• [Problem] Write the entries out exactly. Any images they hold stay out of the copy.

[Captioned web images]
^^^^^^^^^^^^^^^^
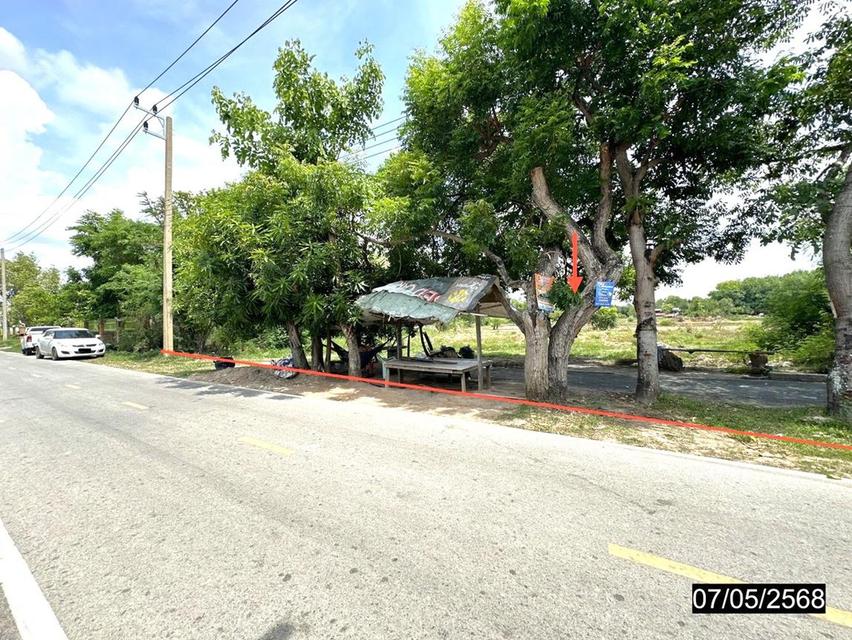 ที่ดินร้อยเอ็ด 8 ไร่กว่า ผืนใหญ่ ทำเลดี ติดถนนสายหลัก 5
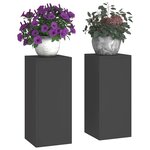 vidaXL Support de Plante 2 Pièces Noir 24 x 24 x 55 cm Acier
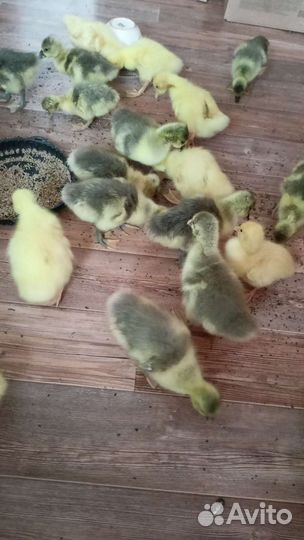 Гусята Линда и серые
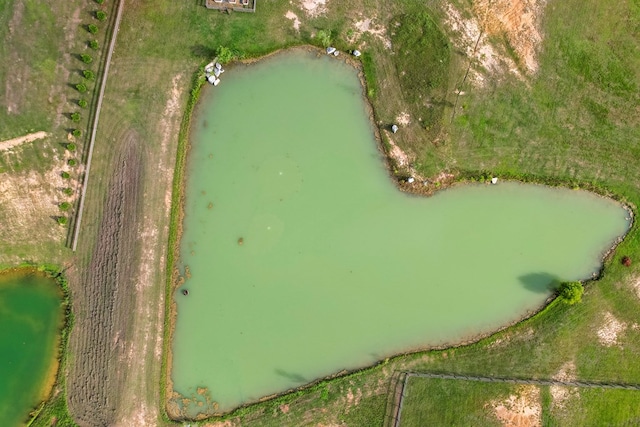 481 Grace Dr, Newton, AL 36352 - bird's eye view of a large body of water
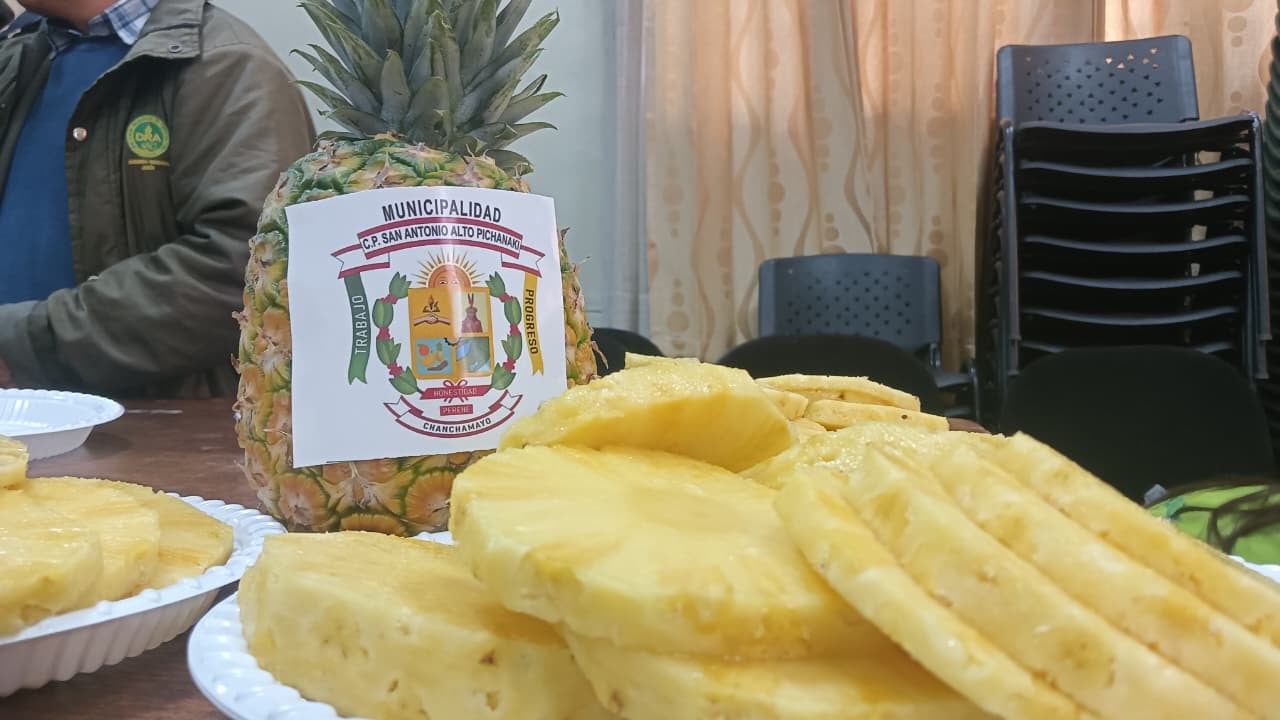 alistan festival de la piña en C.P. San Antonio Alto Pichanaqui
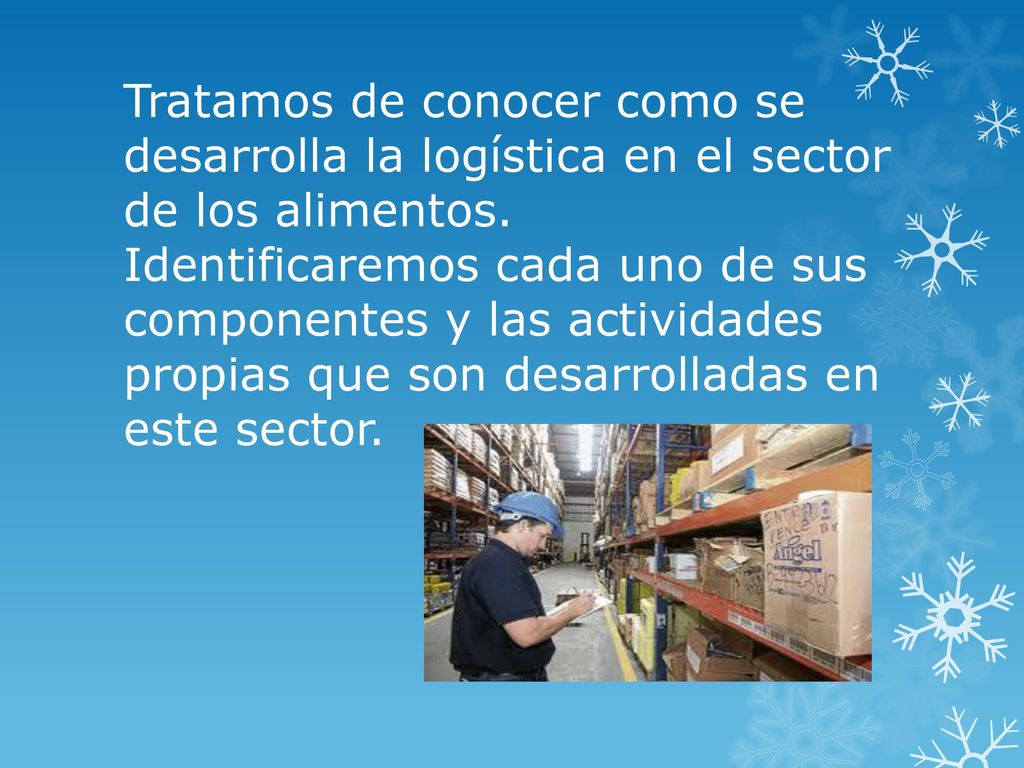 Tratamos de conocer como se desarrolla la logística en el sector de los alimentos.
^^^^^^^^^^^^^^^^
• [Exercise result]
 ที่ดินร้อยเอ็ด 8 ไร่กว่า ผืนใหญ่ ทำเลดี ติดถนนสายหลัก 5
 vidaXL Support de Plante 2 Pièces Noir 24 x 24 x 55 cm Acier
 Гусята Линда и серые
 481 Grace Dr, Newton, AL 36352 - bird's eye view of a large body of water
 alistan festival de la piña en C.P. San Antonio Alto Pichanaqui
 Tratamos de conocer como se desarrolla la logística en el sector de los alimentos.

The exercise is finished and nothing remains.